**Information supplied:**
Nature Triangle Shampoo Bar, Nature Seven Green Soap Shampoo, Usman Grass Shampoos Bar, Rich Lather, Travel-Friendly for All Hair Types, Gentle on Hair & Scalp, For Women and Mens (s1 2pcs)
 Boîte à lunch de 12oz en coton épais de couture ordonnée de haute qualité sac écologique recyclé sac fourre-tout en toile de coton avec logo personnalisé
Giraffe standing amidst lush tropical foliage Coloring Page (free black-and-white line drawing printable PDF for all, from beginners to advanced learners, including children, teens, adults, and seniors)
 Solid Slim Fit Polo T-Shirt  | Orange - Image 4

**Problem statement:**
Line by line, repeat the listing exactly as written.

**Task output:**
Nature Triangle Shampoo Bar, Nature Seven Green Soap Shampoo, Usman Grass Shampoos Bar, Rich Lather, Travel-Friendly for All Hair Types, Gentle on Hair & Scalp, For Women and Mens (s1 2pcs)
 Boîte à lunch de 12oz en coton épais de couture ordonnée de haute qualité sac écologique recyclé sac fourre-tout en toile de coton avec logo personnalisé
Giraffe standing amidst lush tropical foliage Coloring Page (free black-and-white line drawing printable PDF for all, from beginners to advanced learners, including children, teens, adults, and seniors)
 Solid Slim Fit Polo T-Shirt  | Orange - Image 4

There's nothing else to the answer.